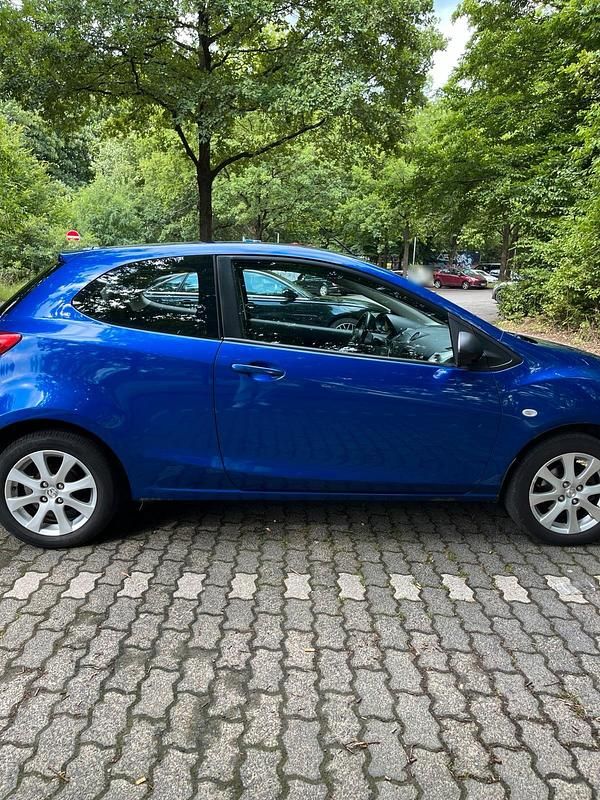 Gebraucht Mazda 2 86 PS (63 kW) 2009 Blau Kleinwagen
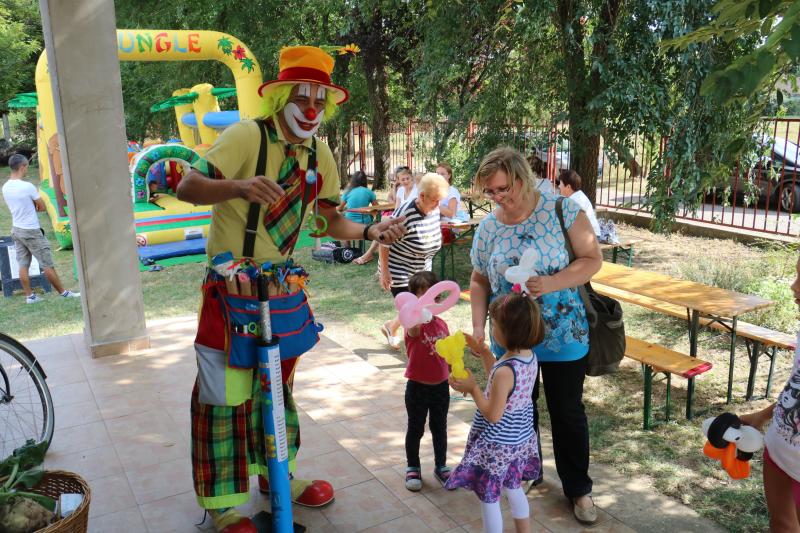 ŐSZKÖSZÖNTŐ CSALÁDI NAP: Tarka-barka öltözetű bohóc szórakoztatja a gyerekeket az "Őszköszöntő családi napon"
---
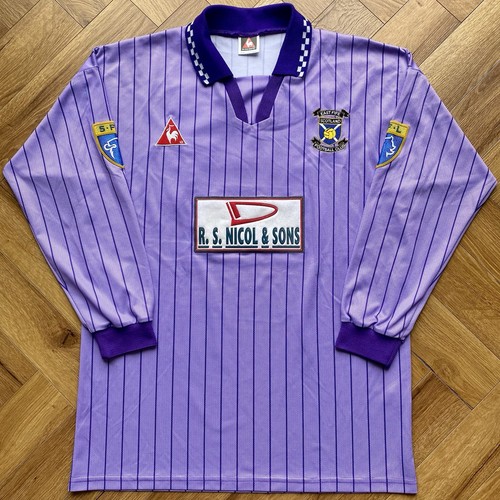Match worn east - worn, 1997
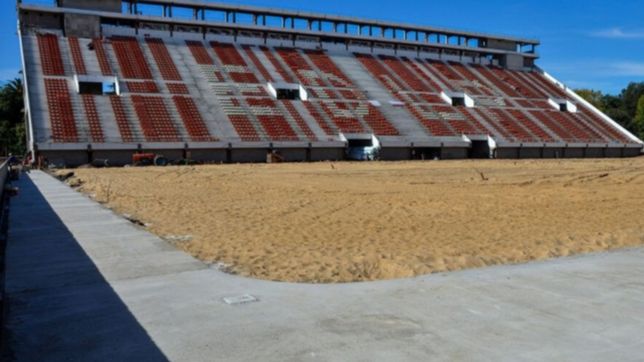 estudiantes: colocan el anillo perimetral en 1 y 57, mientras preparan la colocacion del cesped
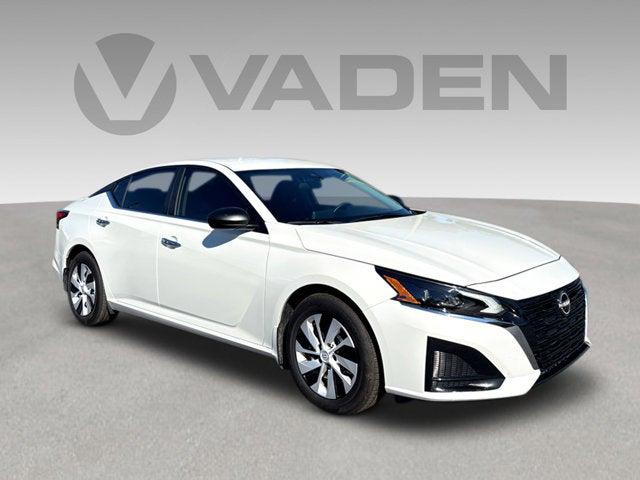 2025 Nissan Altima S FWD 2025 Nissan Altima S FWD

**Work order:** Above are some records. Reproduce the lines from the one with "Match worn east - worn, 1997" down to the one with "2025 Nissan Altima S FWD 2025", keeping both, and leave every picture out.

**Exercise answer:**
Match worn east - worn, 1997
 estudiantes: colocan el anillo perimetral en 1 y 57, mientras preparan la colocacion del cesped
 2025 Nissan Altima S FWD 2025 Nissan Altima S FWD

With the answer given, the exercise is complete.